It requires extraction with 90% acetone, measurements before and after
acidification, and some fairly simple calculations to arrive at the chlorophyll
a and pheophytin a concentrations. Method 445.0 is detailed
and straightforward. (If high concentrations of pure chlorophyll b
are present, see the next section, Optical Kit 10-040R.)
A known concentration
of pure chlorophyll a (as a standard) is required at least the
first time you calibrate the instrument. For greatest accuracy, however,
we recommend that you periodically (once every few months), use a known
concentration of pure chlorophyll a in 90% acetone to recalibrate
your instrument. (Liquid Primary and Solid Secondary Chlorophyll a
standards are available from Turner Designs).
The only
way to obtain pheophytin a concentration is to use the above
EPA Method 445.0
to calculate it.
Chlorophyll
a (extracted, non-acidification, Optical Kit 10-040R)
The Welschmeyer
method is a new, simplified way to measure chlorophyll a without
the need for acidification. It accurately measures chlorophyll a
even in the presence of chlorophyll b and pheophytin. However,
you cannot obtain a pheophytin a measurement with this procedure.
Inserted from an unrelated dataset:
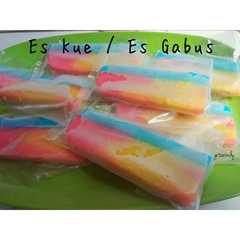 A picture of Es Kue / Es gabus pelangi.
Using this method, you extract your samples according to EPA Method 445.0,
but skip the acidification step.
Again, you
still need to calibrate the instrument the first time using a known concentration
of pure chlorophyll a in 90% acetone.
Secondary
Standard for Extractive Measurements
We recommend
the 10-AU Secondary Solid Standard, P/N 10-AU-904, which is stable and
fluoresces in the same wavelengths as chlorophyll. This product contains
high-level and low-level standards in one housing. No special storage
conditions are required and stability is guaranteed for two years.
To use our
secondary standard for extracted chlorophyll a analysis, first
calibrate your instrument using a known standard concentration of chlorophyll
a. Next, insert your solid secondary standard and note the readings
for both high and low standard positions. These two readings can then
be used for future analyses to check for instrument drift. The reading
can also be used to adjust data if drift occurs until the instrument can
be recalibrated with primary chlorophyll standards again.
In Vivo
Measurements (Optical Kit 10-037R or 10-096R)
For monitoring
algae, in vivo chlorophyll a fluorescence is a good indicator
of algal levels, since all algae contain chlorophyll a.
If you wish
to measure in vivo chlorophyll you can use one of the two methods
below. For greatest accuracy of in vivo measurements, you should
take samples regularly for extraction to correlate with the in vivo
readings.
Please note
that there is no need to use purified chlorophyll a to calibrate
for in vivo studies because extracted chlorophyll a in solvent
fluoresces differently than chlorophyll a in living cells (in
vivo).
1. Standard
Method using traditional chlorophyll filters (Optical Kit 10-037R).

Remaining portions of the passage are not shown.